Sunday afternoon in Emmarentia turned from an ordinary stretch of suburban traffic into an unimaginable tragedy, when a father was killed and his wife wounded in a road rage incident while their children watched. The shock was immediate and national, but beneath the outrage lies a more uncomfortable question: why do such moments escalate so quickly, and so violently, on South African roads?
According to Eugene Herbert, CEO of MasterDrive, the answer is rarely about the other driver in isolation. It is about what that driver represents in a moment already overloaded with pressure. “Instead, the vehicle ahead represents emotional and cognitive overload,” he explains. “Congestion, deteriorating infrastructure, and the daily accumulation of stress create highly-strung drivers. By the time a minor bumper-bashing occurs, many drivers are already at capacity.” In this state, a small collision is no longer just an accident. It becomes a perceived insult, a trigger in an already unstable emotional system.
Herbert notes that this is where escalation begins, not in the impact itself, but in interpretation. “The collision is perceived as disrespect, and when combined with a refusal to back down it triggers an aggressive response. The Emmarentia incident is testament to this exact dynamic: a minor collision quickly escalated with consequences that irreversibly changed lives.” In other words, the danger is not only physical but psychological, unfolding in milliseconds before reason can fully catch up.
At the core of this lies what Herbert describes as a preventative cognitive spiral. Before any confrontation occurs, the mind may already be primed for threat. “When a driver perceives a threat or insult, the part of the brain that controls emotions fires before rationality can intervene. Drivers do not make a decision in that moment but are reacting. The goal of psychological driver education is to close that gap.” This gap between reaction and reasoning is where road rage takes hold, and where prevention must begin.
That prevention, he argues, is not only about traffic rules or vehicle control, but emotional regulation. Drivers who are able to identify their internal state before setting off are far better equipped to avoid escalation. A conscious mental reset before driving, reframing other motorists as uninvolved in personal conflict, and simple physiological controls like slower breathing and relaxed posture can all interrupt the stress response before it hardens into aggression. Even increasing following distance becomes more than a safety tactic; it is a psychological buffer that prevents proximity from becoming provocation.
Herbert also warns against the circulation of unverified statistics that amplify fear rather than understanding. Claims of thousands of road rage-related deaths often circulate without context or clear sourcing, conflating different categories of violent incidents. “Irresponsible statistic use causes harm,” he notes. “When motorists absorb inflated fear-based data, it worsens the emotional and cognitive overload already being carried, making ignoring the situation that much more difficult.”

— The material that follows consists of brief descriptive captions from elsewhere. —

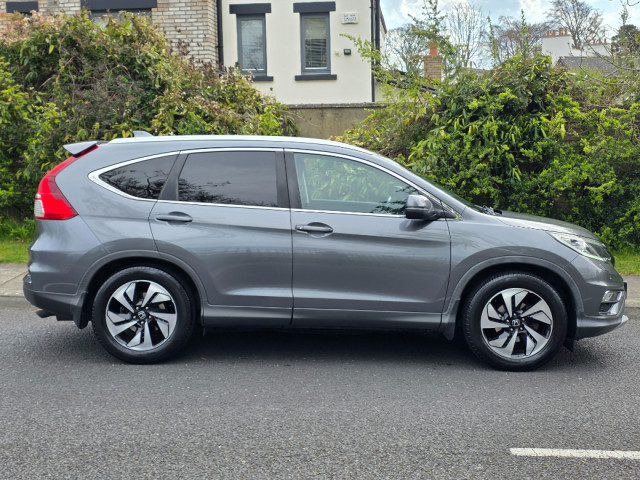 Image for 2017 Honda CR-V 1.6 I-dtec 2WD ES Sport 4DR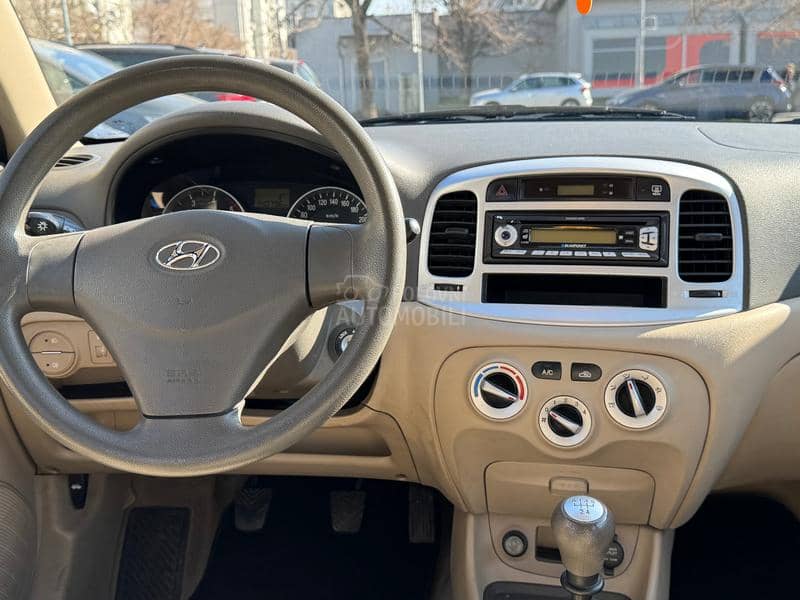 Hyundai Accent 1.5 CRDI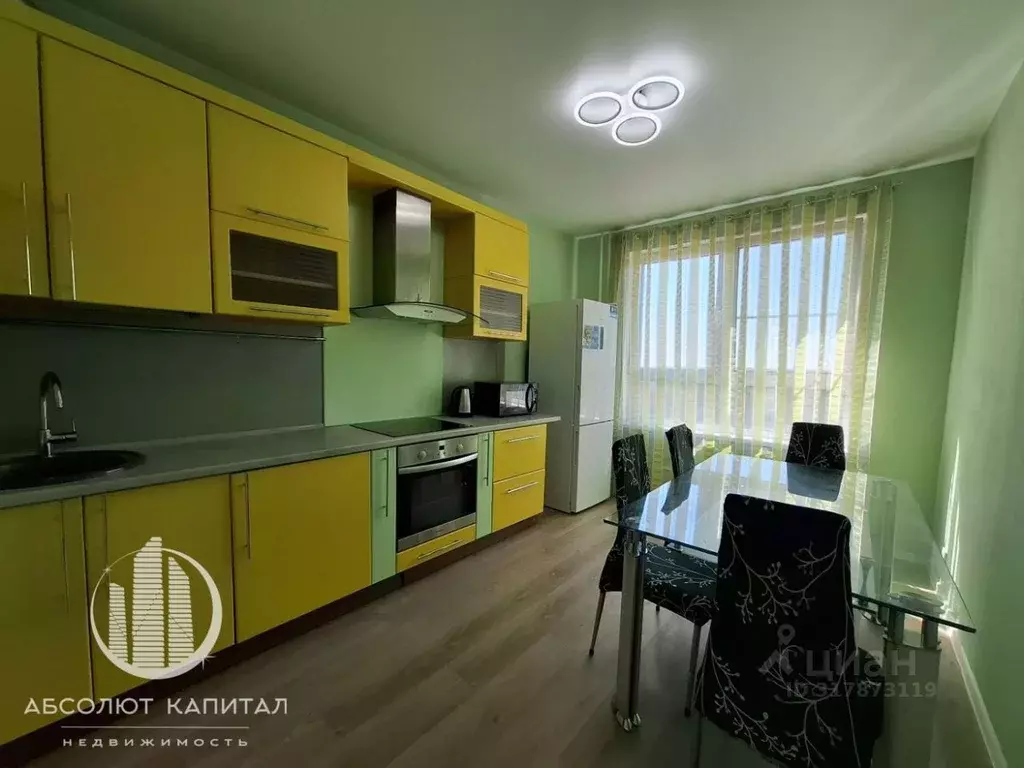 2-к кв. Московская область, Мытищи пер. 1-й Стрелковый, 1 (49.2 м) - Фото 0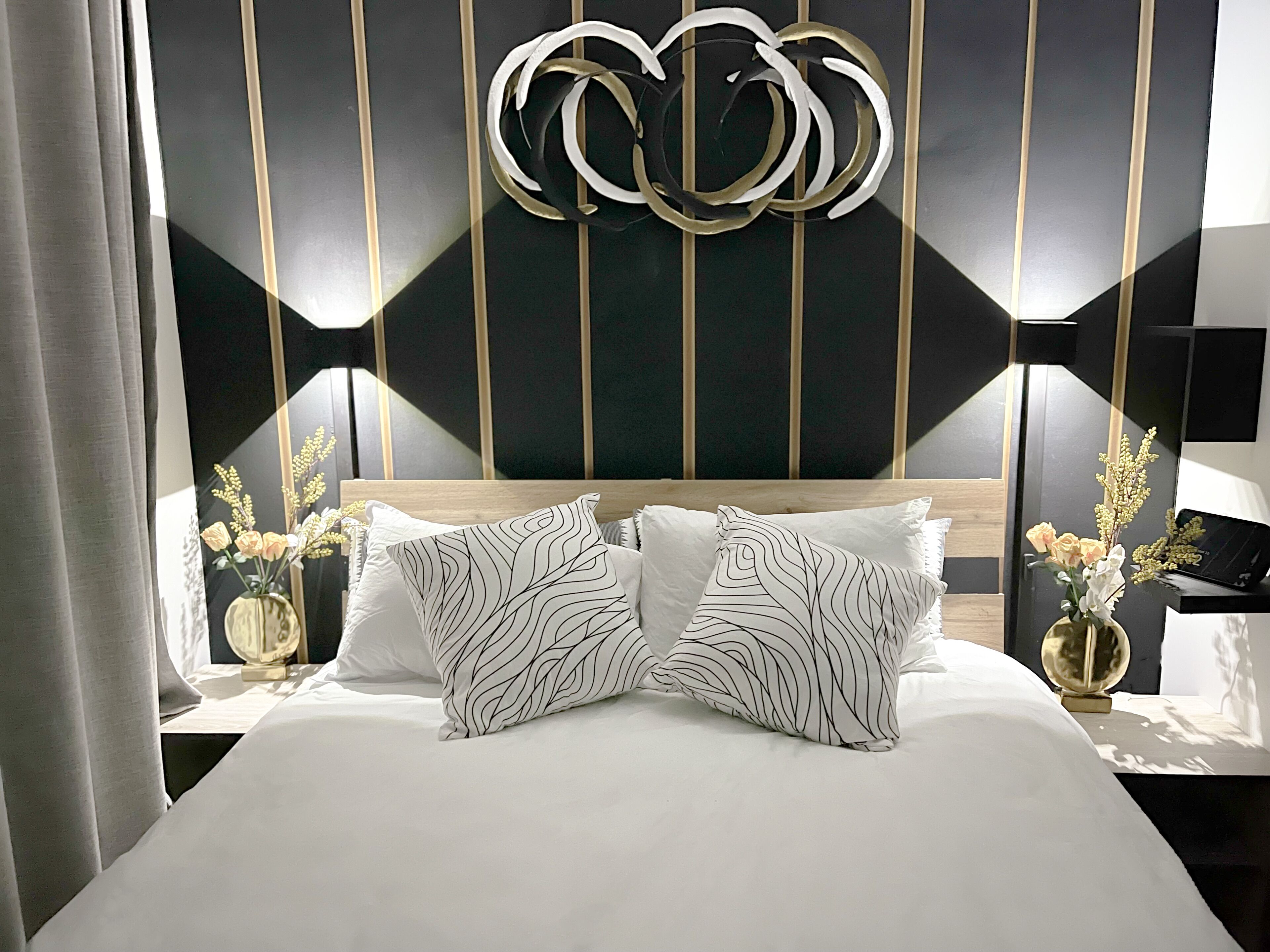 1 Schlafzimmer, Bügeleisen/Bügelbrett, WLAN, Bettwäsche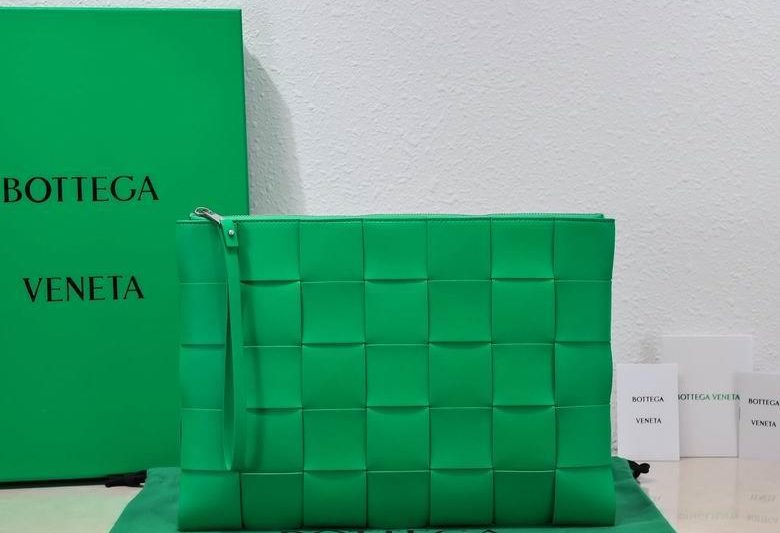 Bottega Veneta Replica Bags 80-8 35X25X1cm EL 2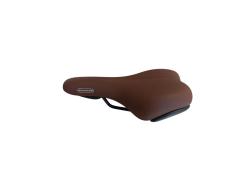 Selle Royal Rio Plus Cykelsadel - Brun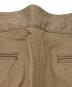 中古・古着 FULLCOUNT (フルカウント) Prime Twill Gurkha Pants ベージュ サイズ:S：15000円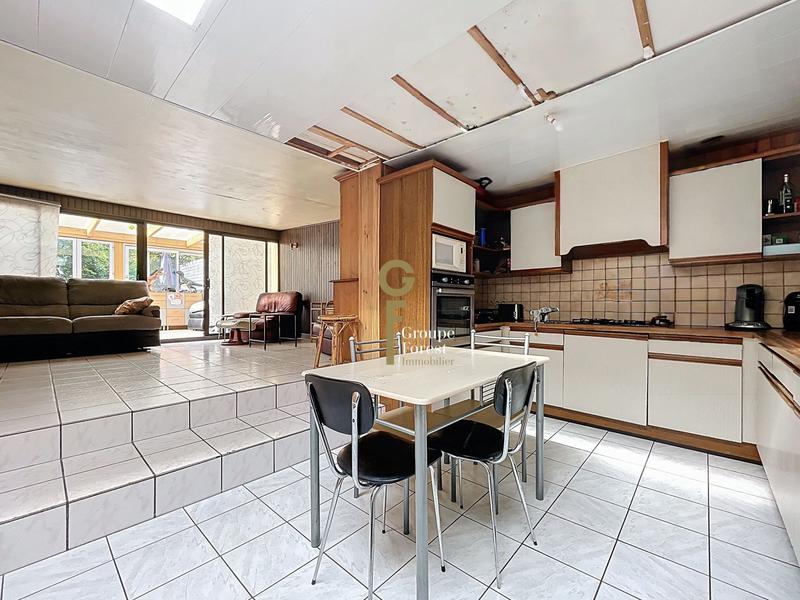 Maison - 140 m² - 4 pièces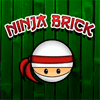 Игра на телефон Ninja Brick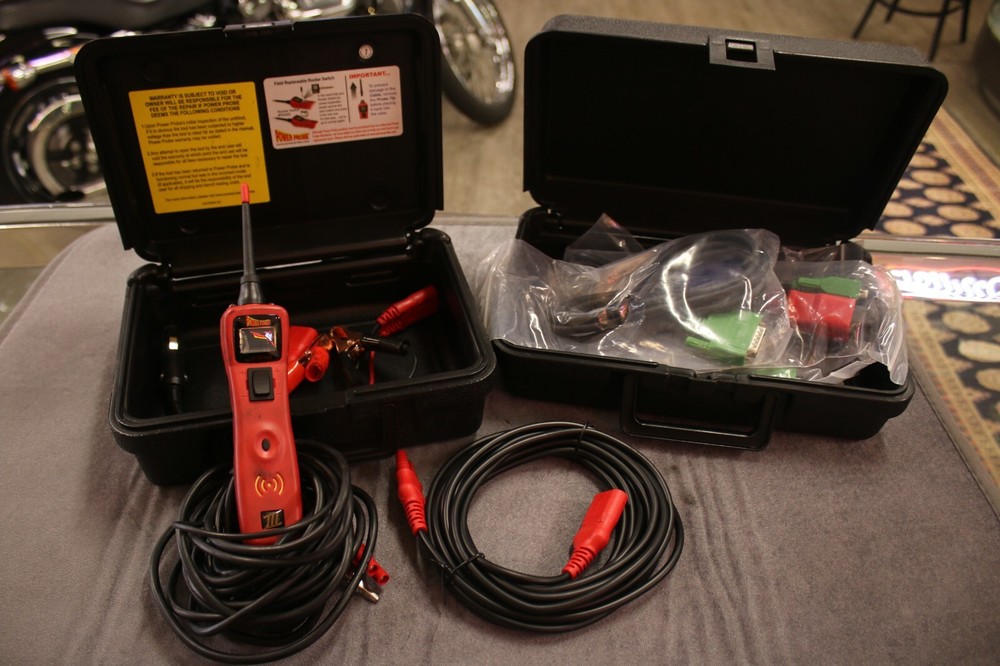 Power Probe 3 PP319FTCRED Ultimate Circuit Tester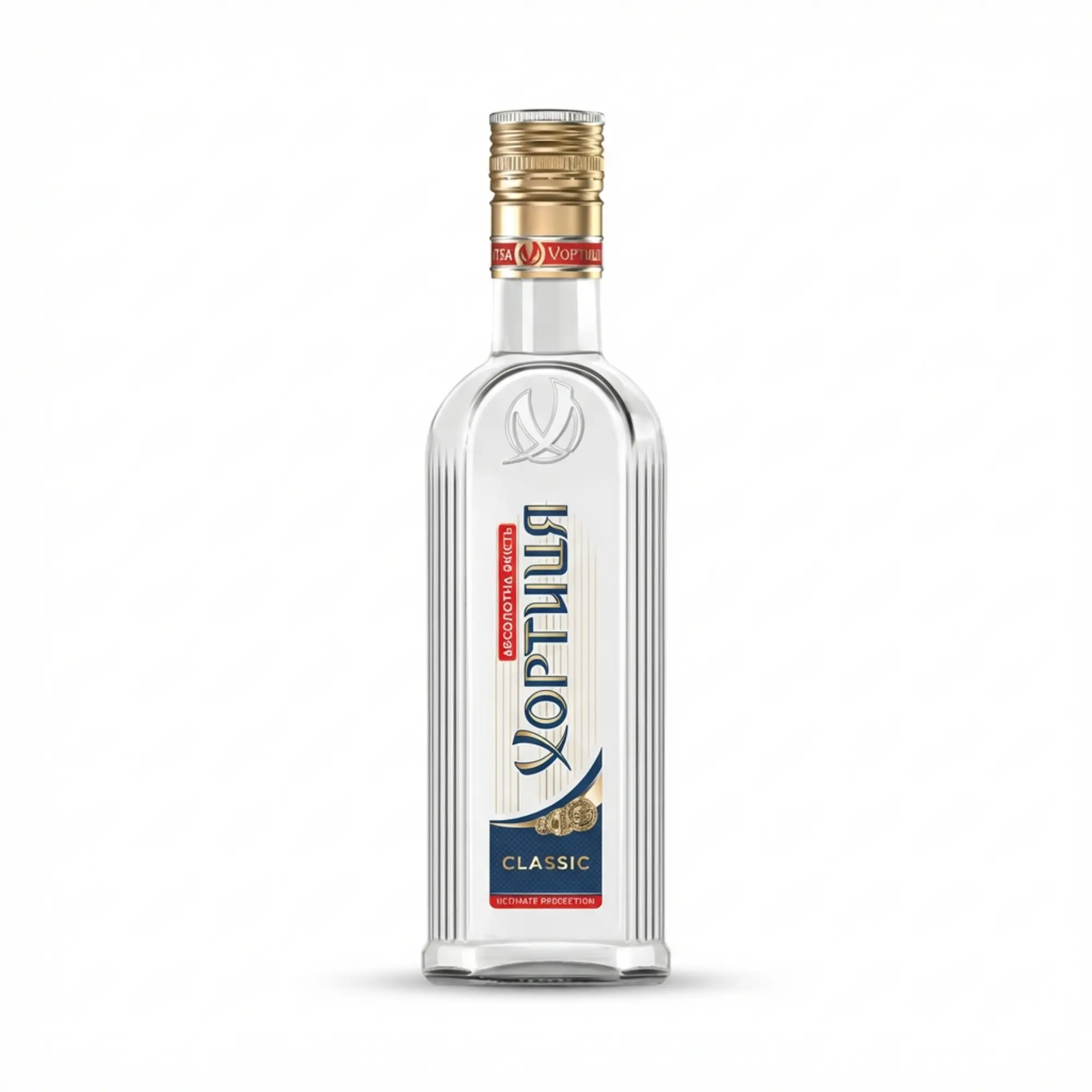 ВОДКА ХОРТИЦЯ КЛАССИКА 40% 0,2 L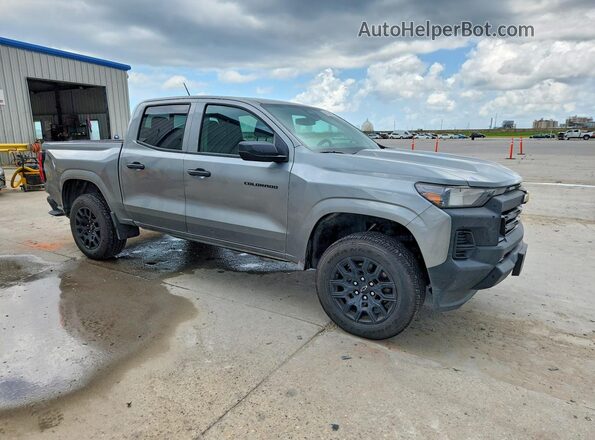 1GCPSBEK6T1119992 2026 CHEVROLET COLORADO Silver Առջևի աջ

The tragedy in Emmarentia should not be reduced to a headline of outrage alone. It exposes a deeper truth about modern driving conditions in South Africa: that roads have become emotional pressure cookers as much as physical routes. If anything meaningful is to emerge from such loss, it may be a shift in how driver safety is understood, not only as a technical skill behind the wheel, but as an emotional discipline within it.